Au début des années 1950, Tanguy Prigent participe à la fondation Comité d'étude et de liaison des intérêts bretons (CELIB), aux côtés notamment du Président du Conseil, René Pleven. Devenu une personnalité de poids à la gauche de la SFIO, il est proche de Guy Mollet. Quand ce dernier devient chef du gouvernement en février 1956, le Finistérien redevient ministre, mais aux Anciens combattants et Victimes de guerres. Il soutient la politique algérienne du gouvernement, mais refuse les conditions du retour aux affaires du Général de Gaulle en mai 1958. Devenu un opposant à Mollet au sein de la SFIO, il est battu aux élections législatives de 1958. L’année suivante, il rompt avec son parti de toujours et rejoint le Parti socialiste autonome (PSA), puis le Parti socialiste unifié (PSU).

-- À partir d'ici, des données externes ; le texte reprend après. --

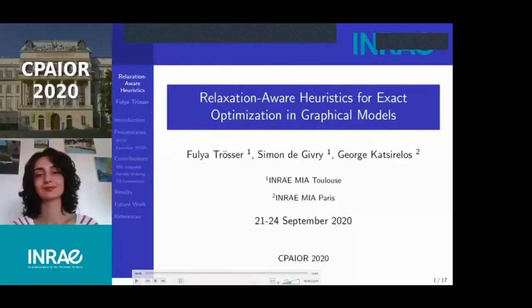The first talk is Relaxation-Aware Heuristics for Exact Optimization Methods in Graphical Models. This work appears to be about improving branch and bound for particular graphical models, which sounds quite exciting. We should start now with the presentation.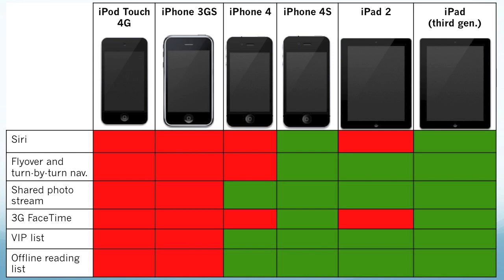Siri is a new feature only going to be compatible with the iPhone 4S and the third generation iPad. Flyover and turn-by-turn navigation for the Maps application is only going to be compatible with the iPhone 4S, the iPad 2, and the third generation iPad. The iPod Touch 4G, the iPhone 3GS, and the iPhone 4 will not be compatible.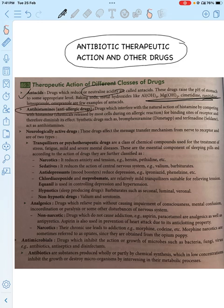Antihistamines are anti-allergic drugs. There will be allergic reactions such as itching, sneezing, and rashes, so anti-allergic drugs are used.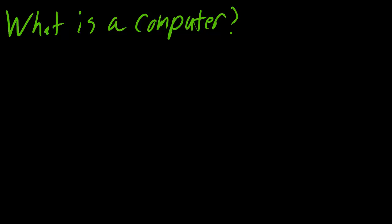We use computers every single day, but we don't always know what's really going on inside. I felt like creating a back to the basics series - let's go back down to the fundamentals and really talk about what's inside a computer.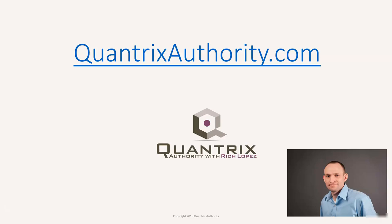I love Quantrix and I want to make you a Quantrix master. Go to QuantrixAuthority.com to learn more.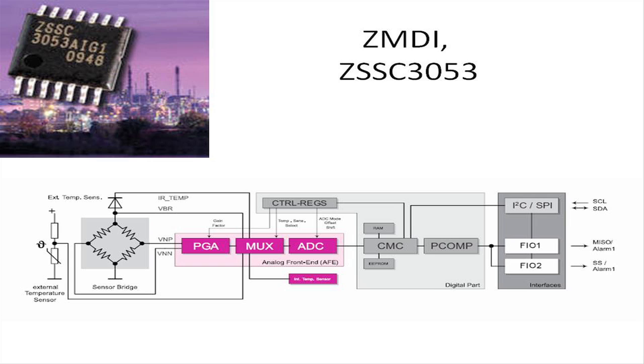Offered in a 14 pin TSSOP14 package, the ZSSC 3053 has an evaluation kit that includes an evaluation board, samples and software for quick and easy evaluation.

Les années 1960 voient la fin de sa carrière, minée par une santé déclinante. Pourtant réélu député entre 1962 et 1967, Tanguy Prigent voit se creuser un fossé générationnel entre lui, l’ancien militant socialiste des années 1920 et la jeune garde du PSU, incarnée par Michel Rocard et forgée par l’anticolonialisme. Aux côtés d’autres personnalités politiques comme Antoine Mazier et Yves Le Foll à Saint-Brieuc, il contribue toutefois à l’implantation du PSU en Bretagne.

Devenu ministre. Crédit: INRA.

Au terme de sa vie, au tout début de l’année 1970, Tanguy Prigent ne peut qu’incarner la figure de l’homme du passé : la SFIO, mais aussi la défense d’une agriculture antérieure au nouveau modèle productiviste dominant dans la région. C’est notamment le cas dans le domaine du syndicalisme agricole puisqu’il n’est plus en phase avec les  nouveaux modes d’actions contestataires – si ce n’est violentes – personnifiées par Alexis Gourvennec. Autres temps, autres mœurs…

Thomas PERRONO

 

 

 

1 L’expression est empruntée au titre de la biographique que Christian Bougeard a consacré à François Tanguy-Prigent : BOUGEARD, Christian, Tanguy Prigent., paysan ministre, Rennes, Presses universitaires de Rennes, 2002.

2 Le Breton socialiste est disponible en ligne sur le site des archives départementales du Finistère.

3 INA. « Le Ministère », Les Actualités françaises, ORTF, 30/11/1945, en ligne.